[Data supplied Boundary: Start]

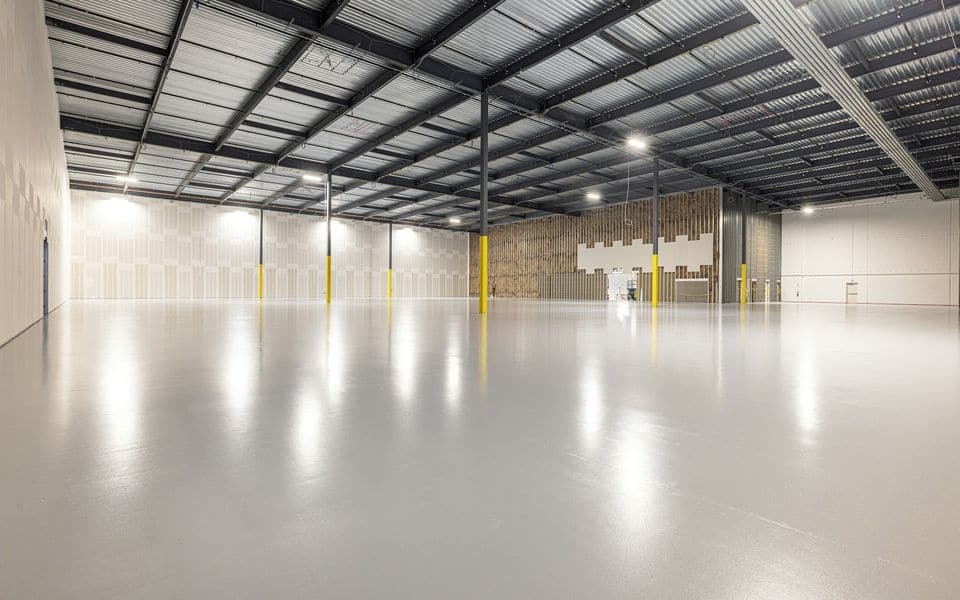 Modern logistics warehouse facility interior with polished concrete floor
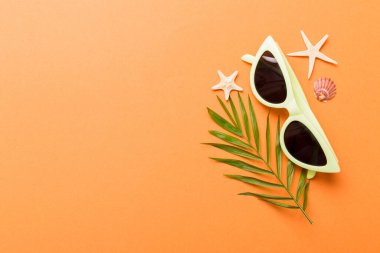 Masa arkasında deniz kabuğu olan güneş gözlükleri. Yaz arkaplanında güneş gözlüğü. Metin için kopyalama alanı olan üst görünüm düzlüğü.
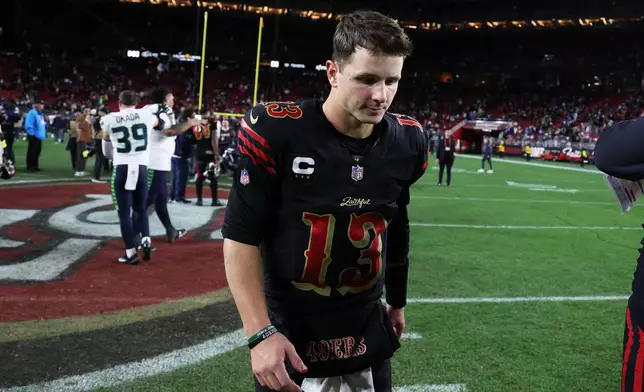 San Francisco 49ers quarterback Brock Purdy (13) walks off the field after an NFL football game against the Seattle Seahawks in Santa Clara, Calif., Saturday, Jan. 3, 2026. (AP Photo/Jed Jacobsohn)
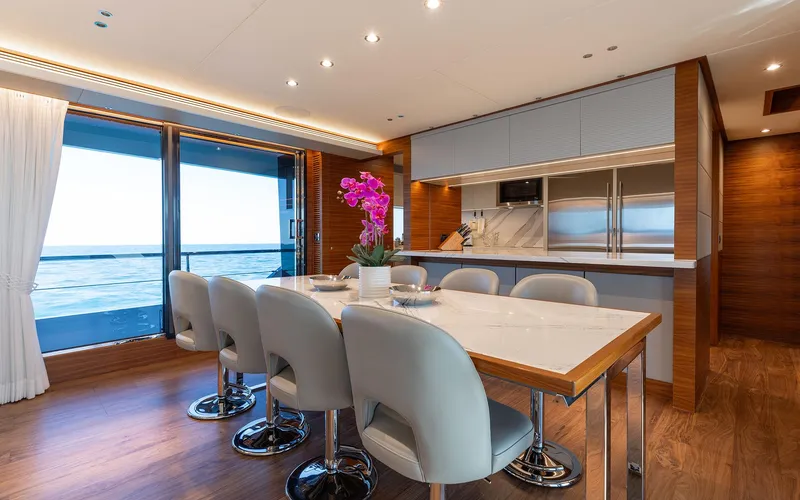 Slide: The Image of Luxurious yacht interior with dining area, modern kitchen, and ocean view. Horizon FD 92, 2022. - 5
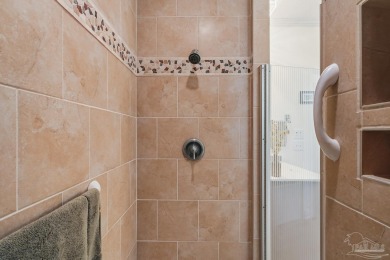 Experience Modern Coastal Living in Gulf Breeze! Discover the on Tiger Point Golf and Country Club in Florida - for sale on GolfHomes.com, golf home, golf lot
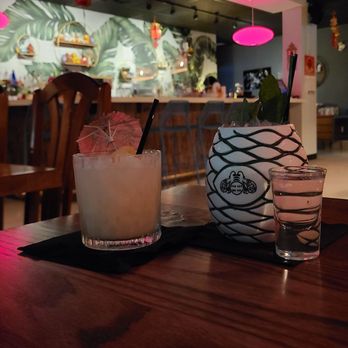 Paper Lantern - a drink and a drink glass on a table - Asian Fusion Near Me - Calgary, Alberta Paper Lantern - a drink and a drink glass on a table - Asian Fusion Near Me - Calgary, Alberta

[Data supplied Boundary: End]

**Exercise goal:** Reproduce, word for word, the lines from the one containing "San Francisco 49ers" through the final line above. Leave every picture out.

**Task solution:**
 San Francisco 49ers quarterback Brock Purdy (13) walks off the field after an NFL football game against the Seattle Seahawks in Santa Clara, Calif., Saturday, Jan. 3, 2026. (AP Photo/Jed Jacobsohn)
 Slide: The Image of Luxurious yacht interior with dining area, modern kitchen, and ocean view. Horizon FD 92, 2022. - 5
 Experience Modern Coastal Living in Gulf Breeze! Discover the on Tiger Point Golf and Country Club in Florida - for sale on GolfHomes.com, golf home, golf lot
 Paper Lantern - a drink and a drink glass on a table - Asian Fusion Near Me - Calgary, Alberta Paper Lantern - a drink and a drink glass on a table - Asian Fusion Near Me - Calgary, Alberta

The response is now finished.